THE PROBLEM:
Your response needs to be the data below, retyped exactly.

DATASET SECTION:
++++++++++

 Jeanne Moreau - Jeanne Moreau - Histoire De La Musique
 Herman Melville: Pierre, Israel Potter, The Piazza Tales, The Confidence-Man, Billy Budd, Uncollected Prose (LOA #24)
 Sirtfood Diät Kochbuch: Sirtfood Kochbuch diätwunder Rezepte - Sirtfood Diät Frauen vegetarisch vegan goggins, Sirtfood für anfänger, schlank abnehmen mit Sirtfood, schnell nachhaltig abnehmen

++++++++++

YOUR RESPONSE:
 Jeanne Moreau - Jeanne Moreau - Histoire De La Musique
 Herman Melville: Pierre, Israel Potter, The Piazza Tales, The Confidence-Man, Billy Budd, Uncollected Prose (LOA #24)
 Sirtfood Diät Kochbuch: Sirtfood Kochbuch diätwunder Rezepte - Sirtfood Diät Frauen vegetarisch vegan goggins, Sirtfood für anfänger, schlank abnehmen mit Sirtfood, schnell nachhaltig abnehmen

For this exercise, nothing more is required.